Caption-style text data
= Beginning of Section =
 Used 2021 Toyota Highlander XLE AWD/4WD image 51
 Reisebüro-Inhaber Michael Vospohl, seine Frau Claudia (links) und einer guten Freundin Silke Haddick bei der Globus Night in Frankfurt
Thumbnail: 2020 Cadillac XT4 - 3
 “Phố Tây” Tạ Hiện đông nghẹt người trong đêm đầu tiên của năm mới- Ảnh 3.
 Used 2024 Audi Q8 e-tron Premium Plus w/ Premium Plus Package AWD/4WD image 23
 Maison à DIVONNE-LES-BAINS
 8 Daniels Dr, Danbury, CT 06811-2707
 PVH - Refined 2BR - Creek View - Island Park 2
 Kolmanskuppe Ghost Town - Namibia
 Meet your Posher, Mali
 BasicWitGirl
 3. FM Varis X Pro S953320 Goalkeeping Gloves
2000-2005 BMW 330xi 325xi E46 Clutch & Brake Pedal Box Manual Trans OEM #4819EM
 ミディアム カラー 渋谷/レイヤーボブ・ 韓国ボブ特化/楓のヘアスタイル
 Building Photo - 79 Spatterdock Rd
= End of Section =
▶ **TASK GOAL**:
Find "Used" in the data above. Report each line where it appears.

▶ **ANSWER TO THIS PROBLEM**:
 Used 2021 Toyota Highlander XLE AWD/4WD image 51
 Used 2024 Audi Q8 e-tron Premium Plus w/ Premium Plus Package AWD/4WD image 23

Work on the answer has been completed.